Aslında Soykırımcı Faşist sömürgeciliğin teşhiri ve Kürt halkının soykırımcı-sömürgeciliğe karşı bilinçlenmesi ve örgütlenme zemini fazlasıyla vardır.Mücadele sürdükçe soykırımcı-sömürgecilik gerçek yüzünü daha açık ortaya koymaktadır.Metropollerdeki saldırılar da Kürtlere yaklaşımın açık kanıtıdır. Kürdistan, Korona virüs salgın zamanında devletin en az ilgilendiği ve imkân sağladığı coğrafya olmuştur.Aşılamada bile Kürdistan en geride seyretmektedir. Türkiye’nin batısı ve metropollerde de en az aşılanlar yine Kürtlerdir.Soykırımcı Faşist sömürgecilik ayrımcılığı o kadar net yapmaktadır ki, en bilinçsiz Kürtler bile soykırımcı faşist sömürgeciliği anlama düzeyine ulaşmışlardır.

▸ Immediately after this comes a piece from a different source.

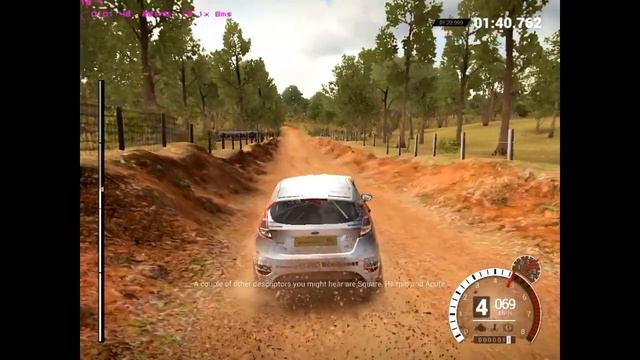 DIRT 4 IN NVIDIA GT 610 2017 GAMEPLAY | LOW END PC смотреть онлайн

AKP-MHP iktidarı her fırsattı, iktidarını ayakta tutmak için değerlendirmektedir. Ortadoğu’da ve çevresinde ortaya çıkan her olayı dış güçlerden bölge ülkelerinde destek alma fırsatına çevirip Kürt özgürlük hareketin tasfiye etmeye çalışmaktadır.AKP-MHP iktidarının birinci hedefi Kürt özgürlük Hareketini ve Devrimci, demokrasi güçlerini ezerek Kürt soykırımını tamamlamaktır. Bu temelde Türkiye’nin siyasi sistemini Türk-İslam sentezi temelinde yeniden şekillendirmektedir.Demokrasi ve Kürt düşmanı karakteri o kadar netleşmiştir ki, belli bir demokrasi eğilimine sahip ve şovenizm inançlarıyla bağdaştırmayan İslam kesim de bu iktidardan uzaklaşmaktadır. Milliyetçi kesimlerin tümü de MHP ya da AKP etrafında değildir. Bu açıdan bir taraftan Kürtler üzerinde soykırımı tamamlamak isteyen bir iktidar vardır. Diğer taraftan da toplumsal ve siyasi zemini zayıflamış bir iktidar gerçeği vardır. Tehlike büyük; ama direnildiğinde kazanmak da yakındır. Bu açıdan tüm devrimci, demokratik, yurtsever güçler AKP-MHP Faşist iktidarını yıkmaya yönelmesi lazımdır. Kürdistan’ın dört parçasındaki Kürt halkı kendi özgürlüğünü kazanımlarını korumak istiyorsa bu iktidarla uzlaşma arayışlarına değil, yıkılması tek amaç hedefi olmalıdır. Politika yürütürken, mücadele ederken bunu gözetmeyen her söylem ve yaklaşım yanlıştır.
Bu açıdan ‘Dem Dema Azadiye ye’ Hamlesinin birinci yılını tamamlarken, Kürdistan’ın dört parçasından ve Türkiye metropollerinde tecridi kırma, faşizmi yıkma ve işgalleri sonlandırma temelinde özgürlüğü kazanma mücadelesini daha fazla yükseltmeli, kararlılık düzeyimizi göstermeliyiz. AKP-MHP Faşizme karşı halkların Birleşik Devrim mücadelesinin ortak zafere taçlandırmak ancak bununla mümkün olacaktır.